Microbial 'omics

a post by A. Murat Eren (Meren)

and Tom O. Delmont

Table of Contents

This pangenomic workflow is for 2.0.2 and earlier versions of anvi’o. You can learn which version you have on your computer by typing anvi-profile --version in your terminal. The latest workflow and most up-to-date pangenomic is here, and comes with some significant improvements with respect to interactivity.

Cultivation of closely related microorganisms, and the subsequent recovery of their genomes, revealed that not all isolates share the same functional traits for a given population. On the other hand, individual isolates do not fully echo the functional complexity of naturally occurring microbial populations either. Large genomic collections is the only way to get closer to a more realistic picture of the pool of functions in a given clade of bacterial tree.
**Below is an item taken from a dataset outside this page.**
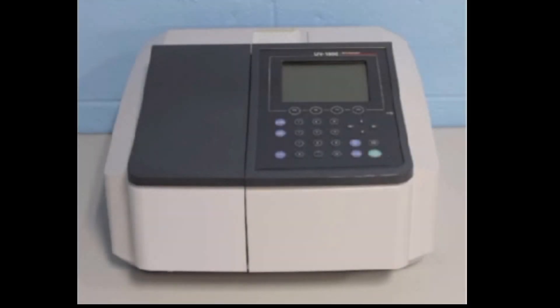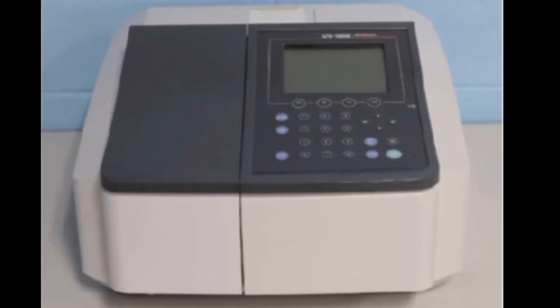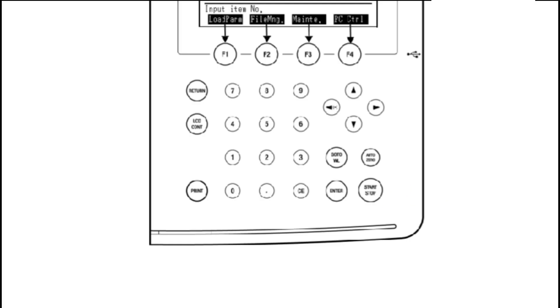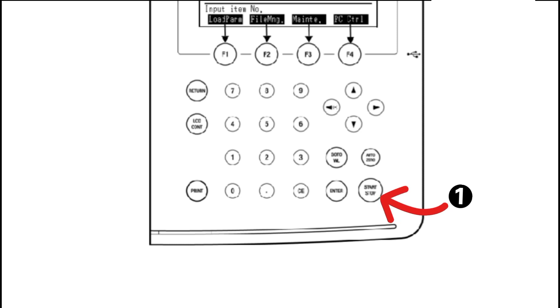Okay students, today in this video we will discuss basic functioning or the description of each key on the UV1800 keypad. Now let's start. Number one is the start and stop key for starting and stopping measurement. Once you've adjusted the parameters, like if we are going to take a spectrum, then we will press the start key or if we are going to stop the running spectrum, then we will press the stop key.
Overlapping and differing functions among the genomes of closely related organisms led to the introduction of a new concept, “pangenomics” (Tettelin et al., 2005), where genes across genomes are segregated into distinct groups: (1) the core-genome, (2) genes detected in multiple yet not in all genomes, and finally (3) isolate-specific genes that are detected only in a single genome. Pangenomic investigations are now widely used to dissect the functional traits of microorganisms, and to uncover environmentally- and clinically-important clusters of genes or functions.

Although multiple bioinformatics software are available to generate and/or visualize pangenomes, these solutions do not necessary offer flexible work environments, and hence limit the user’s ability to interact with their data.

This post describes the anvi’o workflow for pangenomics using a simple dataset. Using this workflow you can,

  • Identify protein clusters,
  • Visualize the distribution of protein clusters across your genomes,
  • Organize genomes based on shared protein clusters,
  • Interactively identify core, and core-like protein clusters,
  • Extend analysis results with contextual information about your genomes,
  • Compare MAGs from your projects with cultivar genomes from other sources.

You can use anvi’o for pangenomic analysis of your genomes even if you haven’t done any metagenomic work with anvi’o. All you need is an anvi’o installation and a FASTA file for each of your genomes.

Pangenomic workflow uses MCL, which is not a global dependency for anvi’o, hence you may not have it on your system even if you have anvi’o up and running. You can install it using this recipe.


The program anvi-pan-genome is the main entry to the pangenomic workflow. Next chapters will demonstrate how it is used, but first, a brief understanding of what it does.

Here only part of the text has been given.